Assignment:
Set down exactly the lines below, starting at the one that contains "30 stuks magneten" and ending at the one that contains "17thfloor plan (duplex lower floor plan)", with both of those lines included and nothing else.

++++++++++

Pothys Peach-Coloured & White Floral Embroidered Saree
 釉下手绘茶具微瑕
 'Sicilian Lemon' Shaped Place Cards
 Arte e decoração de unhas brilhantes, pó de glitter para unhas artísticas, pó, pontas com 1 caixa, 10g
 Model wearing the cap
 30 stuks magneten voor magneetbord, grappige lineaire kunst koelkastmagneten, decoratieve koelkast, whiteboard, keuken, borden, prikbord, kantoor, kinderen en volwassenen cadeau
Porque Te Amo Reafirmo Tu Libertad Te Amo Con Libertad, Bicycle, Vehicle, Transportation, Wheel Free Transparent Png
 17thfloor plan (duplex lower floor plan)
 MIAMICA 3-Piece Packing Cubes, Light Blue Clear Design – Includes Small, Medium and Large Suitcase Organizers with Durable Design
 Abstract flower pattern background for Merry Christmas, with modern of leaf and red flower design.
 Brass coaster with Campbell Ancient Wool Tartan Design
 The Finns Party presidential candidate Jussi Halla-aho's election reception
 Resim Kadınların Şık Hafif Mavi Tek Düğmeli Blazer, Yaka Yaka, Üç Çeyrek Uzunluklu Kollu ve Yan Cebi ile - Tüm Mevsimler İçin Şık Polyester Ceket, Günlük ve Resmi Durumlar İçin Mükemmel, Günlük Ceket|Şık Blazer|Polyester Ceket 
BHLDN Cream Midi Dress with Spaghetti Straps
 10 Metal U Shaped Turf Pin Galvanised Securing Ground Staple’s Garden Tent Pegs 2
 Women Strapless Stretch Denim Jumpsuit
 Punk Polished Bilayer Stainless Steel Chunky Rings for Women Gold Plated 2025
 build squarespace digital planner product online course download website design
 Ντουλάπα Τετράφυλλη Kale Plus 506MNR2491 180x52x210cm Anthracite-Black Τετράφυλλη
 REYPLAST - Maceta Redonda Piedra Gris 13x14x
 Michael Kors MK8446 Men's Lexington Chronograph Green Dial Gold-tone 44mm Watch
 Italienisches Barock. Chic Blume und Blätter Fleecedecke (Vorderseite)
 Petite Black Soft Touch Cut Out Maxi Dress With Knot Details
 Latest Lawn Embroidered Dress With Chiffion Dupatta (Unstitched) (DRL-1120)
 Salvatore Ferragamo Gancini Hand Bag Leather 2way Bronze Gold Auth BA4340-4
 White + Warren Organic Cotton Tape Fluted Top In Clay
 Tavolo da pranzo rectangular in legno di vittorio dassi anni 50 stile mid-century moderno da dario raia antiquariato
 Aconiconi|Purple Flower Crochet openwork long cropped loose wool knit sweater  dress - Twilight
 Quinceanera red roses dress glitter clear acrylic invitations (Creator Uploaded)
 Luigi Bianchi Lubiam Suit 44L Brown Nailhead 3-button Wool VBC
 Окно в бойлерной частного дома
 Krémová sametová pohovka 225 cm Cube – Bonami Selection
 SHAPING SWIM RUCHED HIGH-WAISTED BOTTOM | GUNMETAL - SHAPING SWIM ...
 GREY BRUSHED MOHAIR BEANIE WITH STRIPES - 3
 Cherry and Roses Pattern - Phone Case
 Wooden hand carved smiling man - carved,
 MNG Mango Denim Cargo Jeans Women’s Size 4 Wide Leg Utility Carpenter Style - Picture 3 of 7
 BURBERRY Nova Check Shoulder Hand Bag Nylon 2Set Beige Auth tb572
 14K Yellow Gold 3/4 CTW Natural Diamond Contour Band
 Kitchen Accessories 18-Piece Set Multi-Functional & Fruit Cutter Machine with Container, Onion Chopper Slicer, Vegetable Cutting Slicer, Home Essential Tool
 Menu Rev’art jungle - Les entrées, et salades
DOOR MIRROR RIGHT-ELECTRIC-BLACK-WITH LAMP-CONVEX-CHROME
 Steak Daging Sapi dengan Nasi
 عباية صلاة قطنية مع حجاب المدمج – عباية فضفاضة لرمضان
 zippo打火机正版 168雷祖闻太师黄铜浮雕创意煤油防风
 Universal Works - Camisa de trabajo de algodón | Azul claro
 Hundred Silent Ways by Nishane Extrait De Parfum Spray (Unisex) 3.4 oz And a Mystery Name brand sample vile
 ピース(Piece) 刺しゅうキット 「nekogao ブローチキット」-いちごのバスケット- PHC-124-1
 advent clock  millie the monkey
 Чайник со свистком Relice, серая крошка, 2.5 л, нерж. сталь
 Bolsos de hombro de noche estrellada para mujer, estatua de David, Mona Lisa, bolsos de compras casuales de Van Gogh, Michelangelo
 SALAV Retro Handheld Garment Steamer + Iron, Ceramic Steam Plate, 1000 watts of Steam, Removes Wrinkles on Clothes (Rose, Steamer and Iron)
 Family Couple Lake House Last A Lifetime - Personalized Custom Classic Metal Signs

++++++++++

Response area:
 30 stuks magneten voor magneetbord, grappige lineaire kunst koelkastmagneten, decoratieve koelkast, whiteboard, keuken, borden, prikbord, kantoor, kinderen en volwassenen cadeau
Porque Te Amo Reafirmo Tu Libertad Te Amo Con Libertad, Bicycle, Vehicle, Transportation, Wheel Free Transparent Png
 17thfloor plan (duplex lower floor plan)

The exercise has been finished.